#### The task:
Skip the pictures and retype exactly the lines from the one holding "living area featuring high vaulted ceiling, a" through the end of the entries.

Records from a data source
......

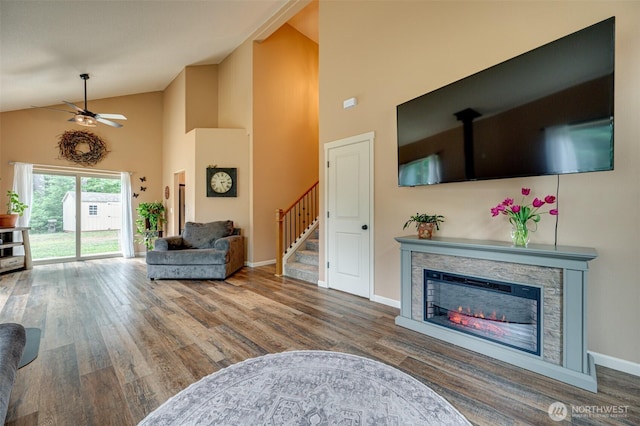 118 Bald Eagle Rd, Ariel, WA 98603 - living area featuring high vaulted ceiling, wood finished floors, ceiling fan, a stone fireplace, and stairway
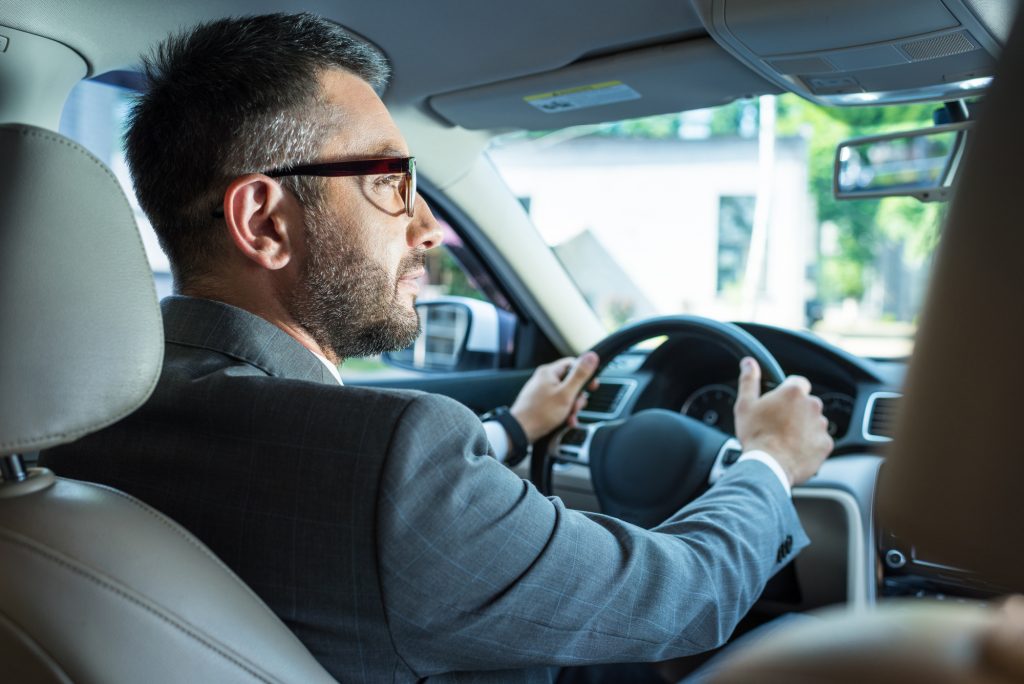 Man-driving-car-Depositphotos_200763528_L-1024x684.jpg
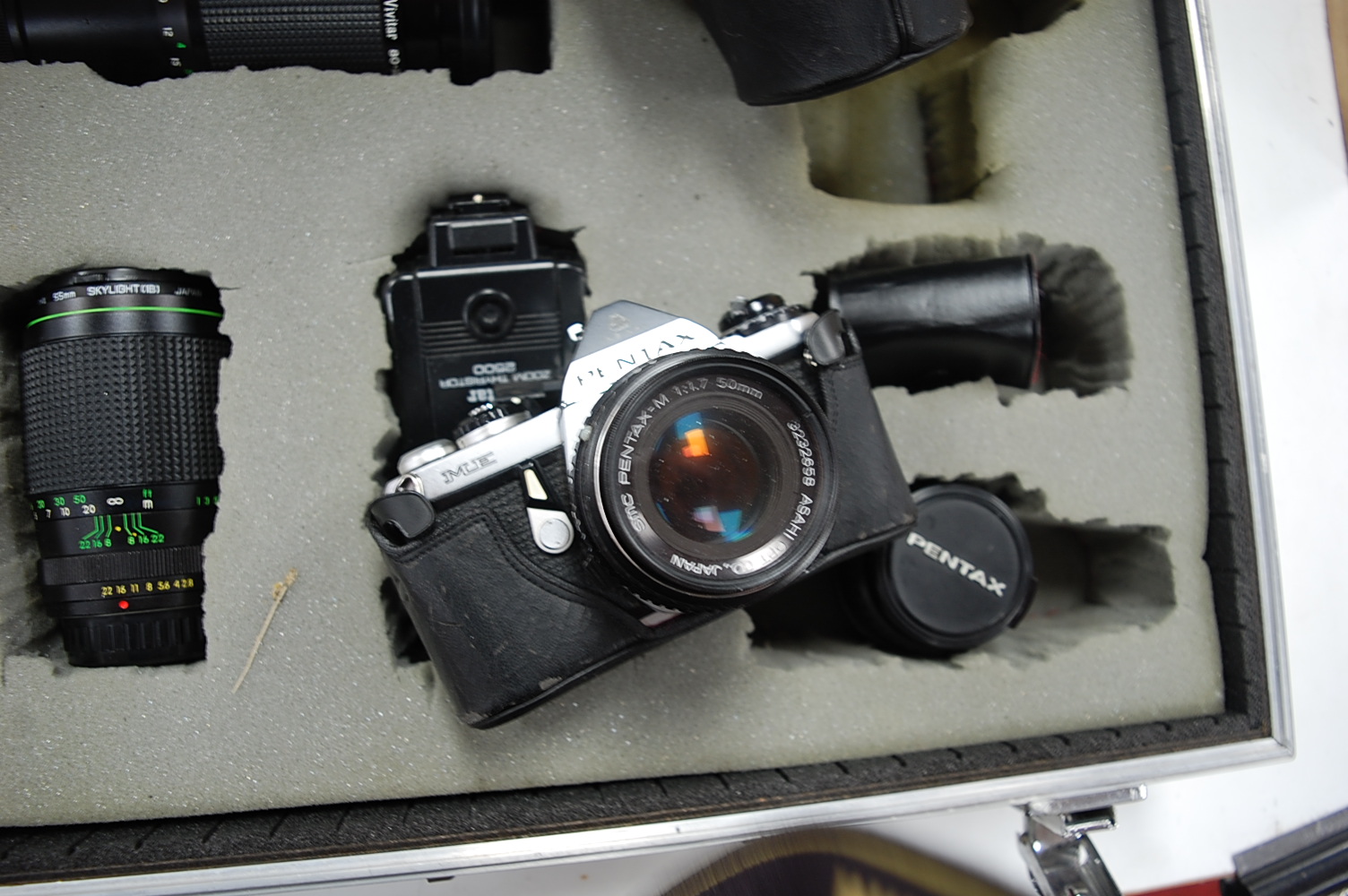 A Pentax ME series camera, in fitted case with various lenses and accessories; together with various - Image 7 of 8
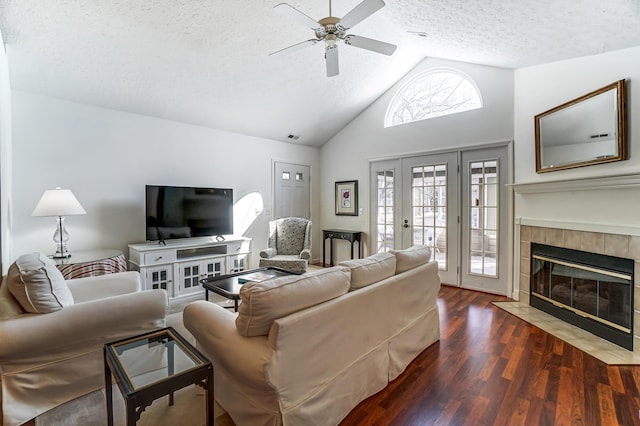 living area featuring high vaulted ceiling, a ceiling fan, a tiled fireplace, a textured ceiling, and wood finished floors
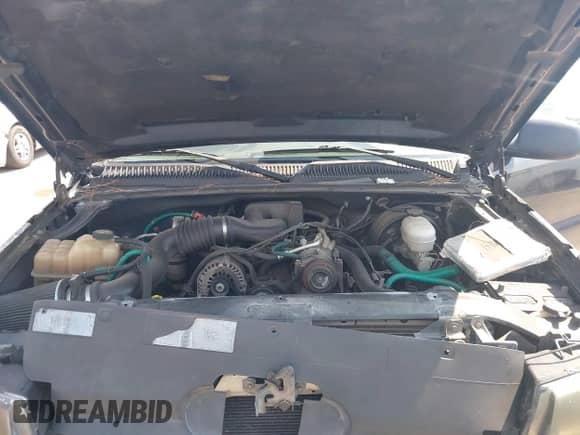 2005 Chevrolet Silverado 1500 Work Truck z VIN 1GCEC19X75Z352059, wystawiony jako IAAI lot #43358817 z przebiegiem Nie podano mil oraz . Historia ofert i sprzedaży dostępna na DreamBid. Obrazek 10.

......

#### Written response:
 living area featuring high vaulted ceiling, a ceiling fan, a tiled fireplace, a textured ceiling, and wood finished floors
 2005 Chevrolet Silverado 1500 Work Truck z VIN 1GCEC19X75Z352059, wystawiony jako IAAI lot #43358817 z przebiegiem Nie podano mil oraz . Historia ofert i sprzedaży dostępna na DreamBid. Obrazek 10.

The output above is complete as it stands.